■ YOUR ASSIGNMENT ■
What is needed is an exact copy of the lines in the entries below from the one holding "Jacob Matham Framed" through the one holding "CU Kashmir B.Tech Merit List 2024", pictures excluded.

■ INFORMATION SUPPLIED ■
+ + +

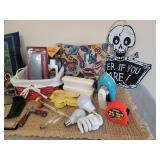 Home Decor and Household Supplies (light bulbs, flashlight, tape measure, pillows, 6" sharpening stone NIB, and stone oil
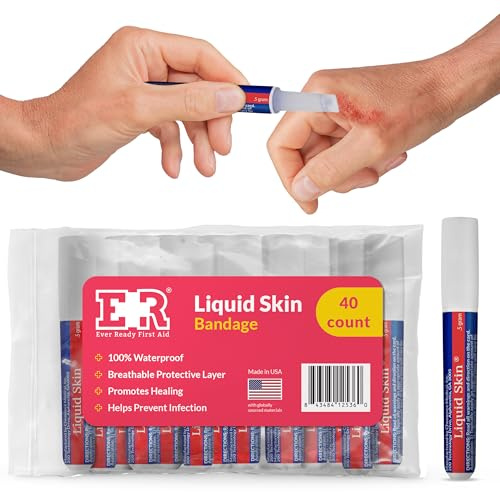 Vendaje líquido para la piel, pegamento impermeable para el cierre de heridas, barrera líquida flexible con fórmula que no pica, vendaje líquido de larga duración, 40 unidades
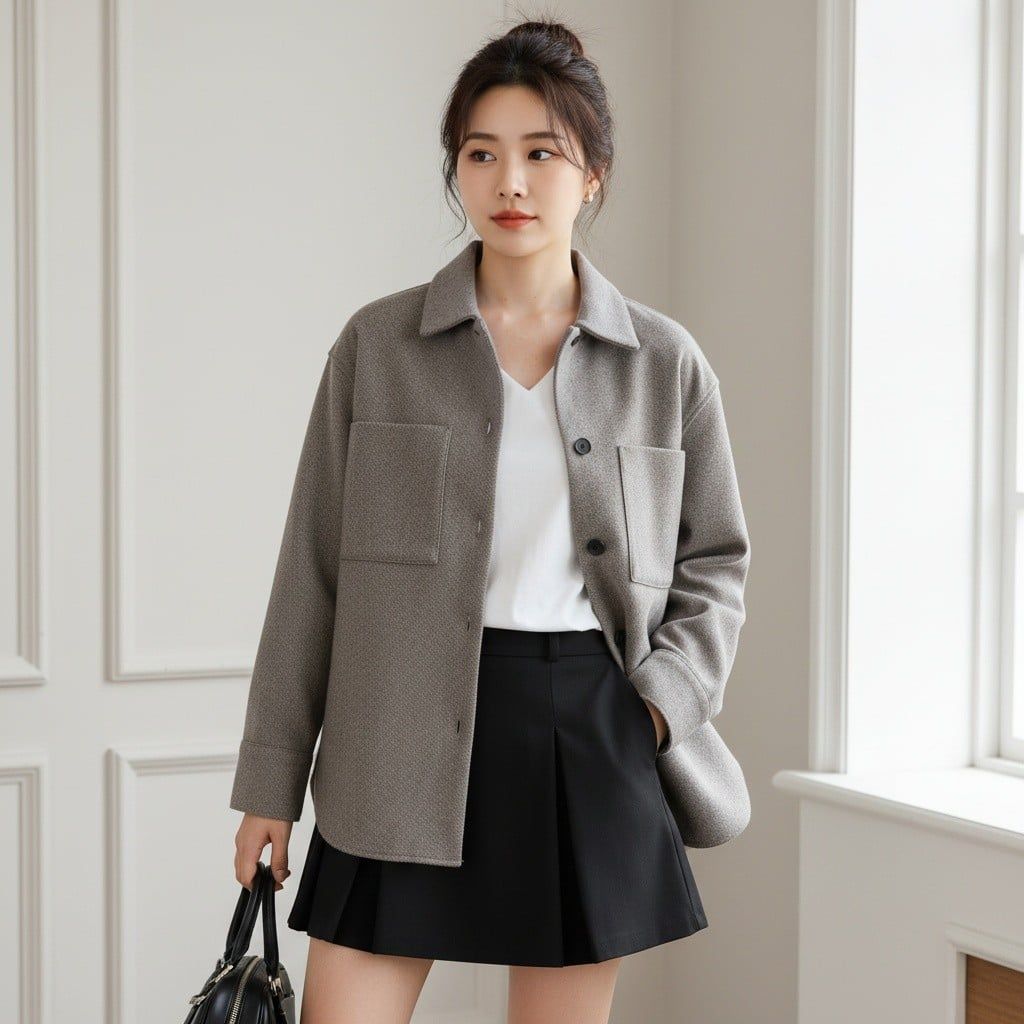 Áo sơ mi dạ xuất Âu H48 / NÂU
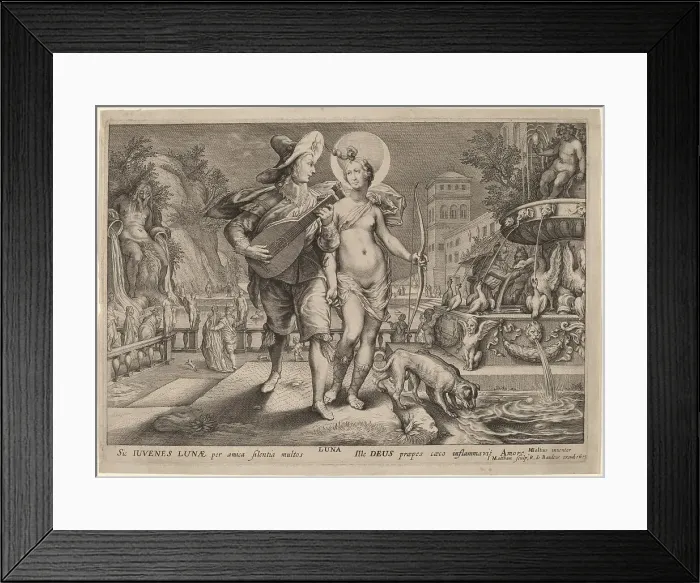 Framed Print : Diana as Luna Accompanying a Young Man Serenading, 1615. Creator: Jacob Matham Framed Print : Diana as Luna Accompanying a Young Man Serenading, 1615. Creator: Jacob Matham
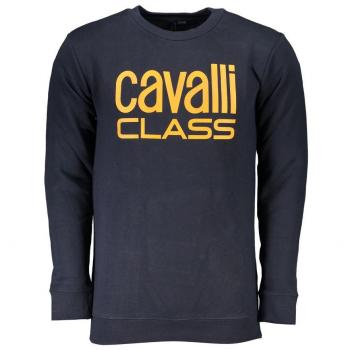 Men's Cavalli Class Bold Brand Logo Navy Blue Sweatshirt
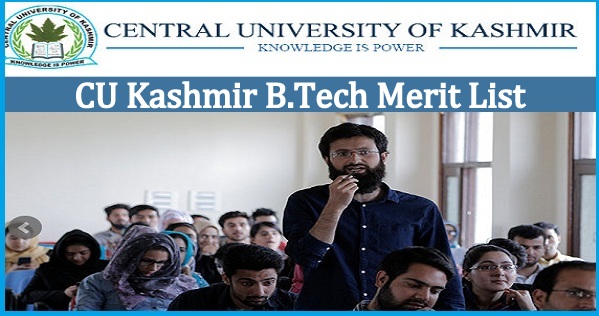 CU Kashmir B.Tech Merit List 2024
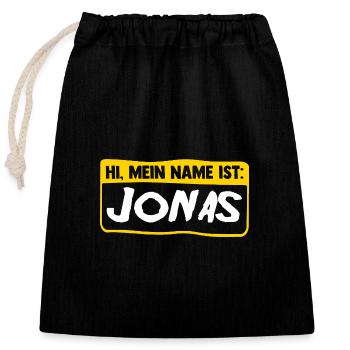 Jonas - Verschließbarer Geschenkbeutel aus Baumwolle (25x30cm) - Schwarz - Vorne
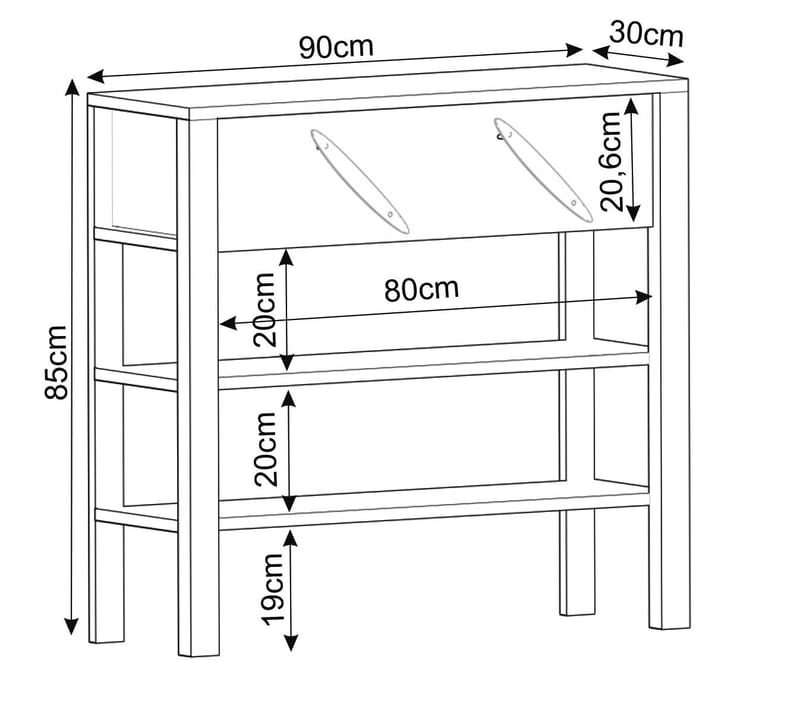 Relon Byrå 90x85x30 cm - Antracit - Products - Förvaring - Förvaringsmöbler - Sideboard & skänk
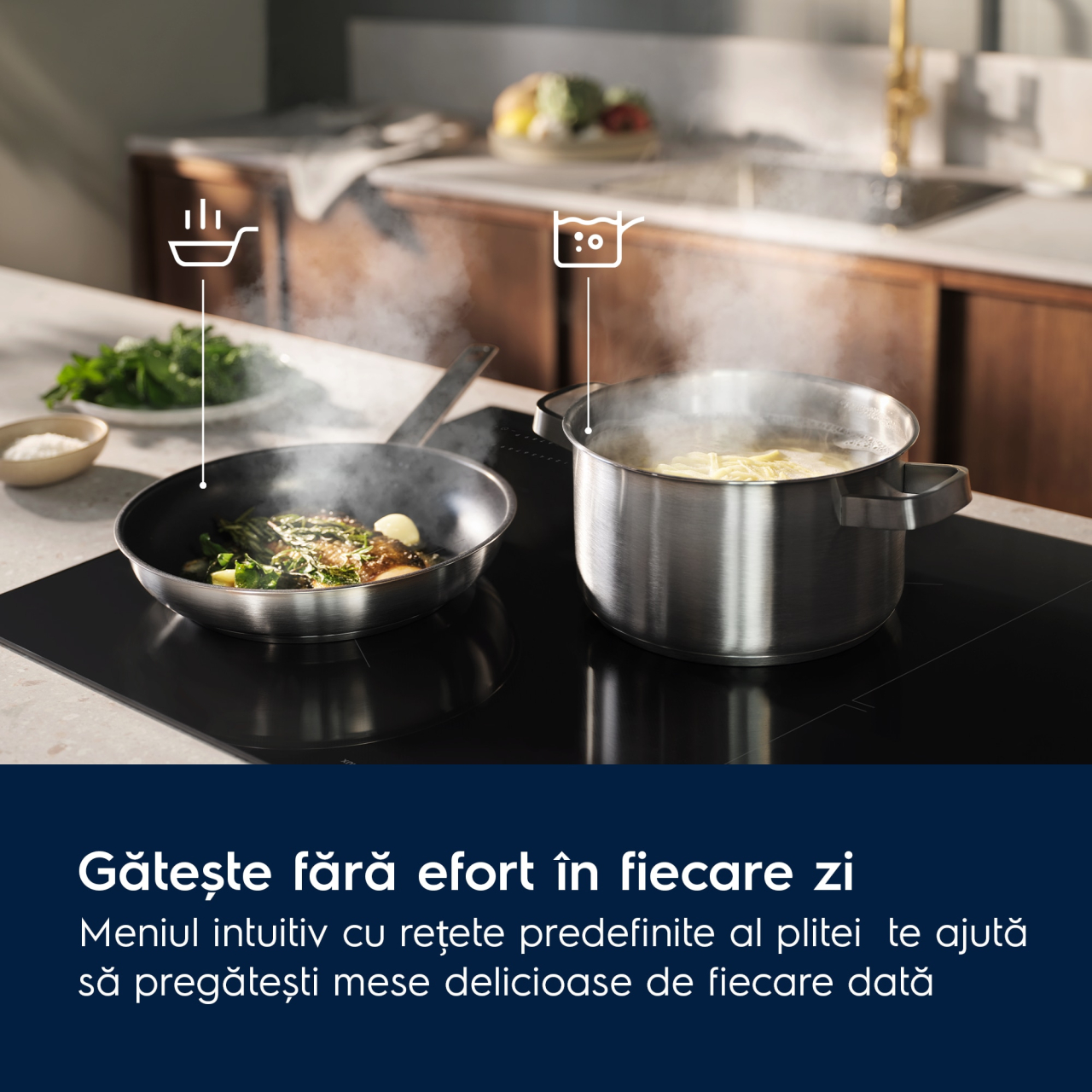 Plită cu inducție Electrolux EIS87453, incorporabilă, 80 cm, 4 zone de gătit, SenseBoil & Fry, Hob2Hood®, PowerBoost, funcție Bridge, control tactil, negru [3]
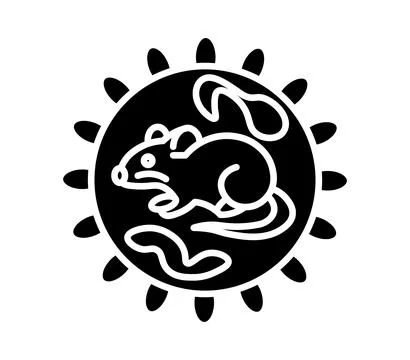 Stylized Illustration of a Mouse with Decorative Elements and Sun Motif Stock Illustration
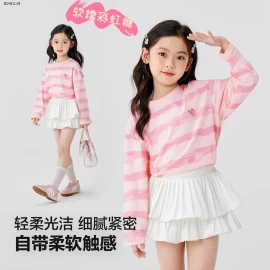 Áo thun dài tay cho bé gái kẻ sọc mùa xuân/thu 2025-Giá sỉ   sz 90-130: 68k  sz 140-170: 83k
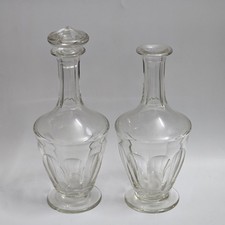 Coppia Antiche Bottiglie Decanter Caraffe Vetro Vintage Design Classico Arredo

+ + +

■ PROBLEM SOLUTION ■
 Framed Print : Diana as Luna Accompanying a Young Man Serenading, 1615. Creator: Jacob Matham Framed Print : Diana as Luna Accompanying a Young Man Serenading, 1615. Creator: Jacob Matham
 Men's Cavalli Class Bold Brand Logo Navy Blue Sweatshirt
 CU Kashmir B.Tech Merit List 2024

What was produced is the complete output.